I'm studying constrained extrema for functions of two variables and with a single constraint(of equality). So I have a function $f$ and I have to find its constrained extrema in the restriction $E_0=\{(x,y)|g(x,y)=0\}$ where $f,g:A\subseteq \mathbb{R}\to \mathbb{R} $ and $f,g \in C^1(A)$ (where $A$ is open). If $g(x_0,y_0)=0$ and $\nabla g(x_0,y_0)\neq 0$(in this case the point $(x_0,y_0)$ is called regular), by implicit function theorem I can parametrize $E_0$ in a neighborhood of $(x_0,y_0)$, so let's call this curve $\gamma:\mathbf{r}(t)$ (Without loss of generality $\mathbf{r}(0)=(x_0,y_0)$) . A constrained stationary point is regular point such that $(f \circ \mathbf{r})'(t)=0$. Clearly this is equivalent to $\langle \nabla f(x_0,y_0),\mathbf{r}'(0) \rangle=0$. Then my book says that this is equivalent to the fact that "the derivative of $f$ along the direction that is tangent to $E_0$ in $(x_0,y_0)$ is $0$". I think that the book used the fact that: $$ \langle \nabla f(x_0,y_0),\mathbf{r}'(0) \rangle=D_{\mathbf{r}'(0)} f(x_0,y_0)=0 $$ But this is valid iff $\mathbf{r}'(0)\neq \mathbf{0}$. How do we know that? If $\mathbf{r}'(0)= \mathbf{0}$, then it doesn't correspond to a direction. This is giving me many difficulties. Thank you in advance.

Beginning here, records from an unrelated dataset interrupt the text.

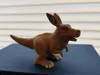 0.2mm layer, 2 walls, 5% infill
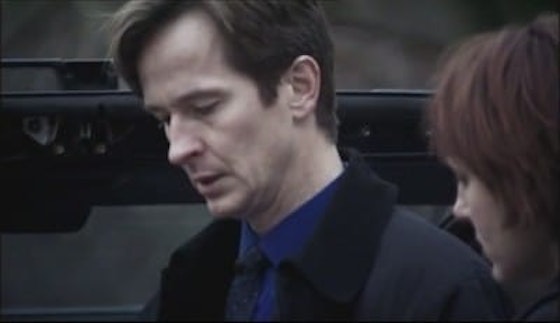 Rejseholdet S01E02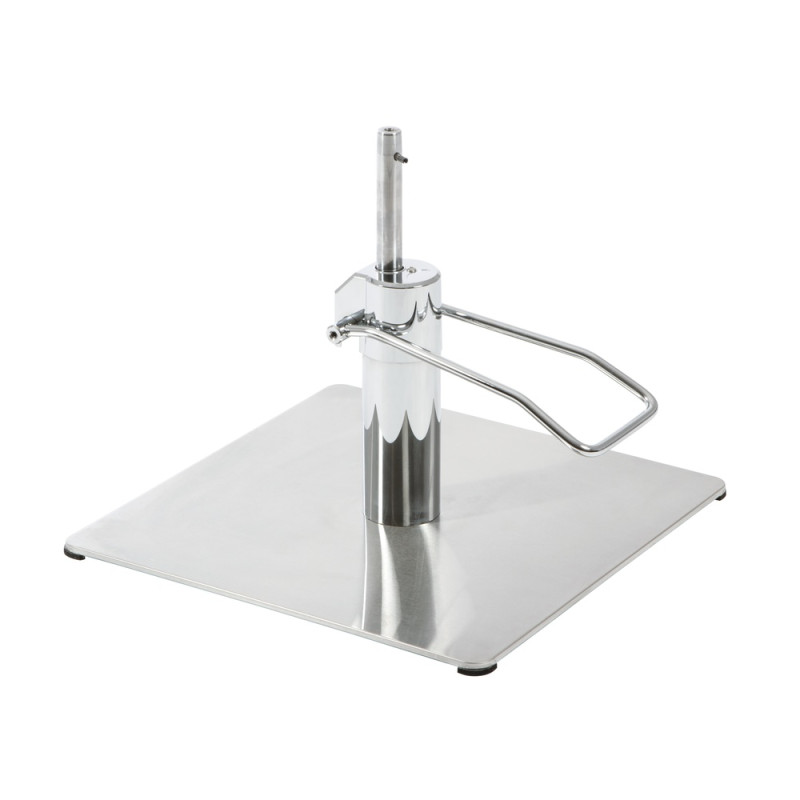 Sillon De Peluqueria Imo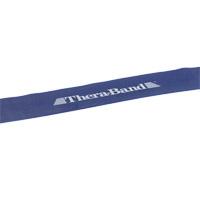 Kliknite za detalje - Thera Band profesionalna elastična traka za vežbanje extra teška 1,5m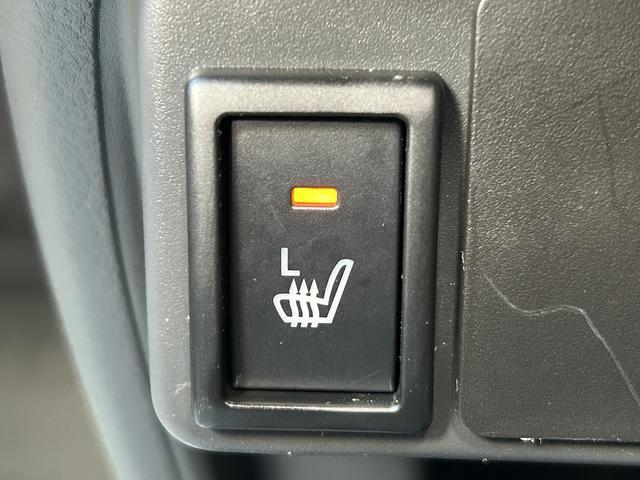 ハスラーＪスタイル保証　まごころ保証　１年間・走行距離無制限付き（東京都）の中古車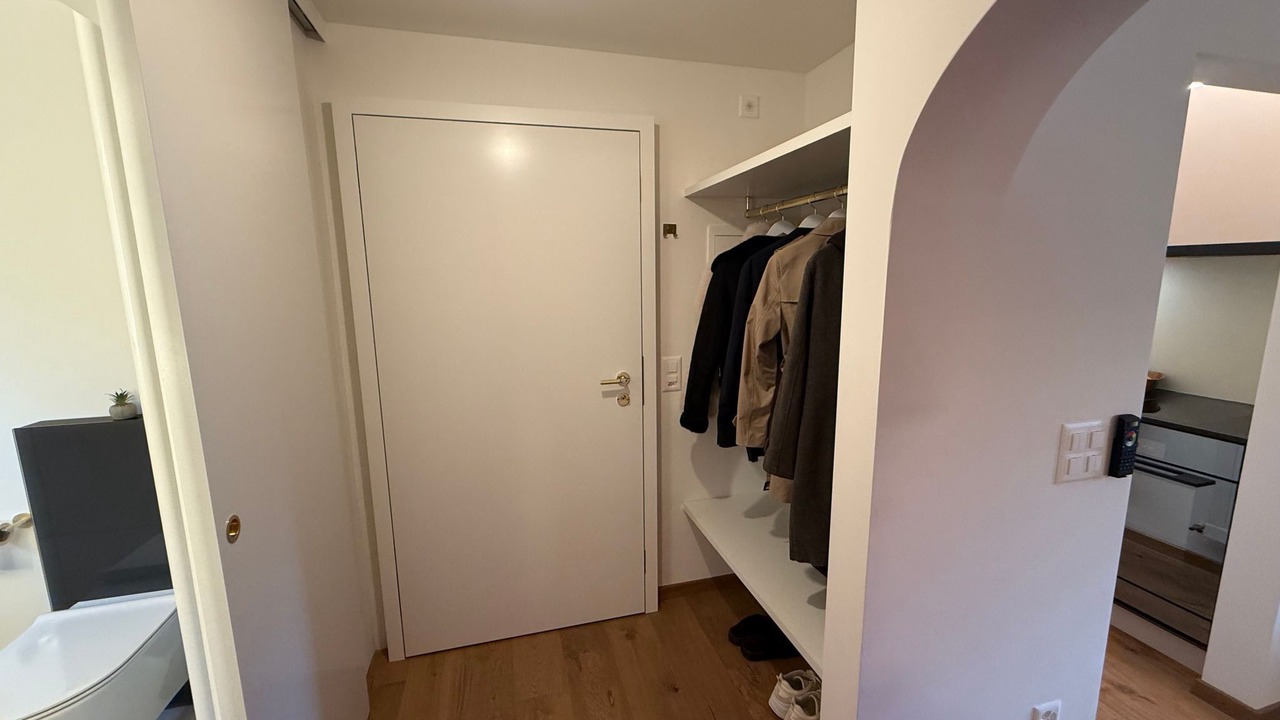 Photo of Bedroom in Bever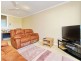 9a Jackson Close, Salamander Bay NSW 2317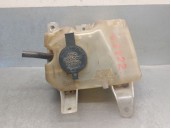 Recambio de deposito expansion para chrysler sebring (jr) 2.0 referencia OEM IAM 04596258AC  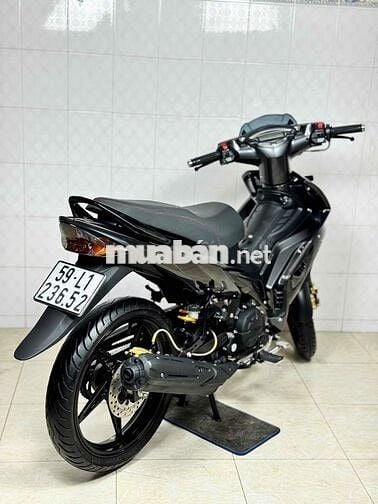 ex135 62zz úp style 2010 bstp 9chủ ký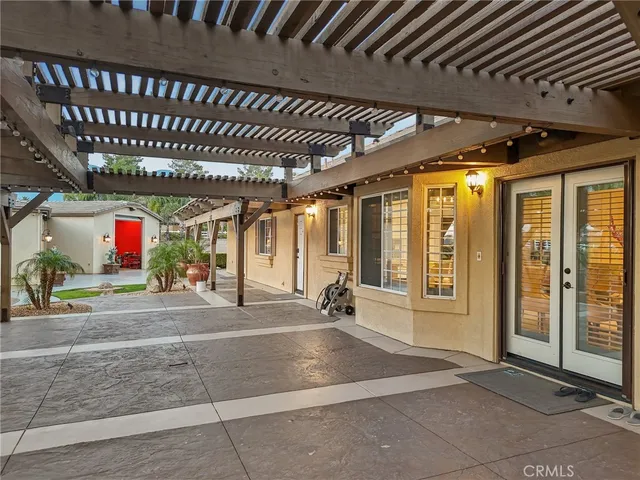 $1,948,000 | 6822 Foxtail Court, Rancho Cucamonga, CA 91739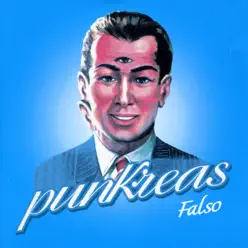Falso - Punkreas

Edit: Now that I think about it the geometric intepretation of $\mathbf {r}'(t)$ is the tangent vector in $\mathbf{r}(t)$ to the curve $\gamma$, what would it mean if $\mathbf{r}'(t)=0$, geometrically.
You can of course assume ${\bf r}'(0)\ne{\bf 0}$. This comes from the implicit function theorem:
When $\nabla g(x_0,y_0)\ne{\bf 0}$ you have, e.g., $g_y(x_0,y_0)\ne0$. This implies that there is a window $$W:=[x_0-h,x_0+h]\times[y_0-h,y_0+h]\subset{\mathbb R}^2$$ and a $C^1$ function $$\psi:\quad[x_0-h,x_0+h]\to[y_0-h,y_0+h],\qquad x\mapsto y=\psi(x);\qquad\psi(x_0)=y_0,$$ such that the set $\bigl\{(x,y)\in W\bigm| g(x,y)=0\bigr\}$ coincides with the graph of $\psi$. This implies that you can take $$\gamma:\quad[x_0-h,x_0+h]\to W, \qquad x\mapsto {\bf r}(x):=\bigl(x,\psi(x)\bigr)\qquad(x_0-h<x<x_0+h)$$ in your proof. Here ${\bf r}'(x)=(1,\psi'(x))\ne{\bf 0}$.